ASSIGNED TASK
Two lines in the data below mark the range: the one with "Cùng Hằng Kiwi" and the one with "Can High Tech Swimwear Help You Swim Faster?". Return both, along with every line between them, exactly.

DATA SUPPLIED
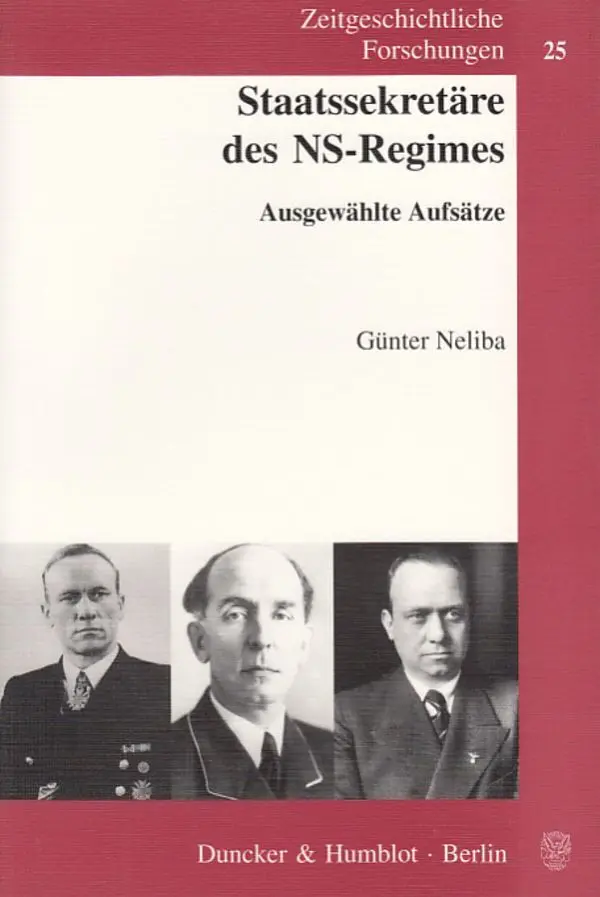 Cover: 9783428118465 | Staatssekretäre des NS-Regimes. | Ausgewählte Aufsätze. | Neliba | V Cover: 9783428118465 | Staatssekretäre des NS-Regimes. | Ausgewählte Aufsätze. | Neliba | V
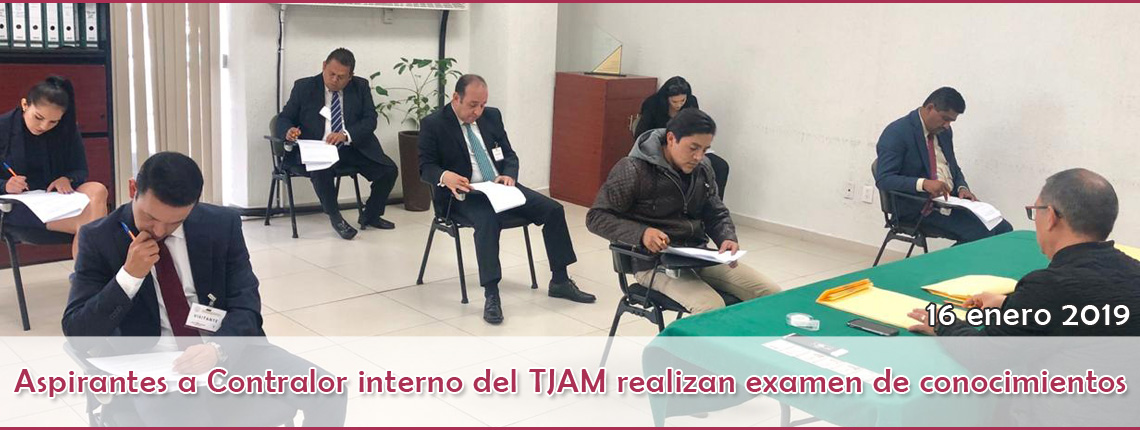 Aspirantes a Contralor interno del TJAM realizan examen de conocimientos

...

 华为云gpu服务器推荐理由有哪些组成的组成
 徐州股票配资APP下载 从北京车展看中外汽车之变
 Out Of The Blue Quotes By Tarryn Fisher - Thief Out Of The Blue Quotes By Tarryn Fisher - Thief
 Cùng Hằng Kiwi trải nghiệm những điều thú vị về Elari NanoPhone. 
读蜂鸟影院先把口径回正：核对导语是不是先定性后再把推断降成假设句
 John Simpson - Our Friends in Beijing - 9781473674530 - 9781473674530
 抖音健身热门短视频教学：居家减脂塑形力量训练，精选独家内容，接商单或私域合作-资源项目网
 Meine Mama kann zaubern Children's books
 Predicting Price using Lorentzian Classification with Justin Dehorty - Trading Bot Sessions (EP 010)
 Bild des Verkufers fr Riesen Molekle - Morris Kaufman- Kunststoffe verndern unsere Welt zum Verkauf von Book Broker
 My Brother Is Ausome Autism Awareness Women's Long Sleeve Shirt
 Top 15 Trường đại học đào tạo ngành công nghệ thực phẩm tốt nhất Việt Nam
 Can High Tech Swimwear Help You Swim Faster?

---

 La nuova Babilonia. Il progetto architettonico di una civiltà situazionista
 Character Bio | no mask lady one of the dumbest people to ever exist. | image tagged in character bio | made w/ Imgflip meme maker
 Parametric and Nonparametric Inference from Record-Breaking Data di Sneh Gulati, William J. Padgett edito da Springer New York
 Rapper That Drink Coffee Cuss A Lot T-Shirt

WRITTEN ANSWER
 Cùng Hằng Kiwi trải nghiệm những điều thú vị về Elari NanoPhone. 
读蜂鸟影院先把口径回正：核对导语是不是先定性后再把推断降成假设句
 John Simpson - Our Friends in Beijing - 9781473674530 - 9781473674530
 抖音健身热门短视频教学：居家减脂塑形力量训练，精选独家内容，接商单或私域合作-资源项目网
 Meine Mama kann zaubern Children's books
 Predicting Price using Lorentzian Classification with Justin Dehorty - Trading Bot Sessions (EP 010)
 Bild des Verkufers fr Riesen Molekle - Morris Kaufman- Kunststoffe verndern unsere Welt zum Verkauf von Book Broker
 My Brother Is Ausome Autism Awareness Women's Long Sleeve Shirt
 Top 15 Trường đại học đào tạo ngành công nghệ thực phẩm tốt nhất Việt Nam
 Can High Tech Swimwear Help You Swim Faster?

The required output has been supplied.